I do not hear that any of the queen’s subjects, particularly the beef-eaters, as they are vulgarly called to this day, however they might be struck with the novelty at the time, much approved of her living totally without food. She did not survive the practice herself above seven years and a half.
My father, who was the immediate possessor of this sling before me, told me the following anecdote:—
He was walking by the sea-shore at Harwich, with this sling in his pocket; before his paces had covered a mile he was attacked by a fierce animal called a seahorse, open-mouthed, who ran at him with great fury; he hesitated a moment, then took out his sling, retreated back about a hundred yards, stooped for a couple of pebbles, of which there were plenty under his feet, and slung them both so dexterously at the animal, that each stone put out an eye, and lodged in the cavities which their removal had occasioned. He now got upon his back, and drove him into the sea; for the moment he lost his sight he lost also ferocity, and became as tame as possible: the sling was placed as a bridle in his mouth; he was guided with the greatest facility across the ocean, and in less than three hours they both arrived on the opposite shore, which is about thirty leagues.
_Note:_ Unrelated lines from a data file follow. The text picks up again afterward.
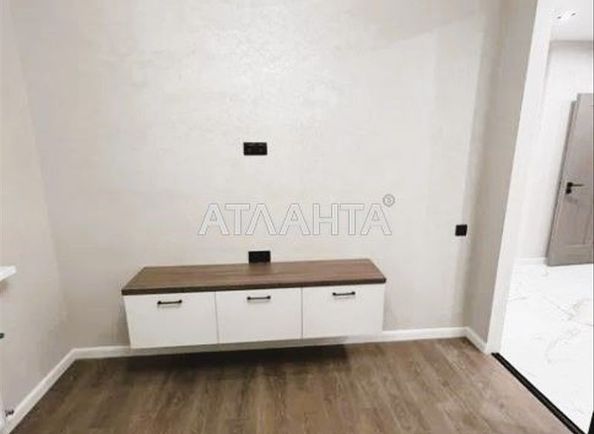 1-комнатная квартира по адресу ул. Сахарова (площадь 45 м²) - Atlanta.ua - фото 4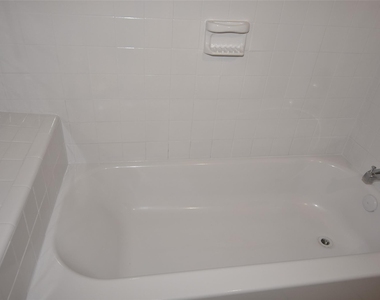 4618 Clay Street - Photo Thumbnail 11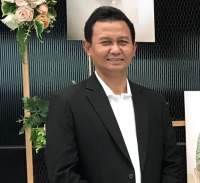 Asphira Tangsel Sambut Baik Kebijakan Pemkot Uji Coba Hiburan Malam Beroperasi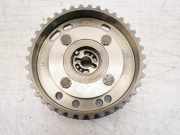 Nockenwellenversteller für Opel Peugeot 1,2 THP HNS EB2ADTS 9815581980 IN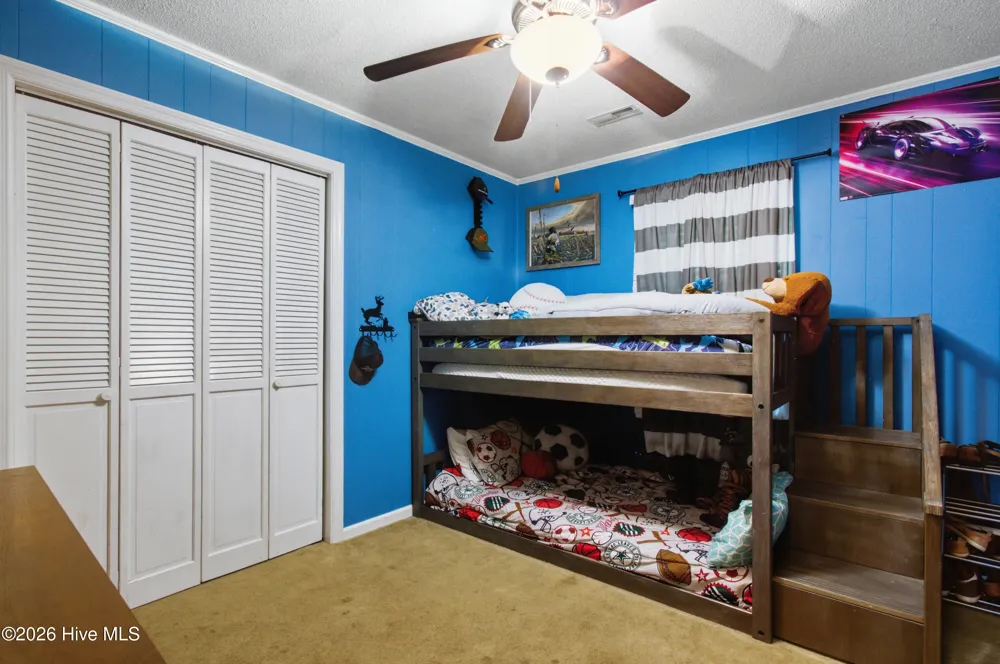 6634 Florence Road Merritt, NC 28556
The master of the Three Cups, at Helvoetsluys, in Holland, purchased this marine horse, to make an exhibition of, for seven hundred ducats, which was upwards of three hundred pounds, and the next day my father paid his passage back in the packet to Harwich.
_—My father made several curious observations in this passage, which I will relate hereafter._
The frolic; its consequences—Windsor Castle—St. Paul’s—College of Physicians—Undertakers, sextons, &c., almost ruined—Industry of the apothecaries.
This famous sling makes the possessor equal to any task he is desirous of performing.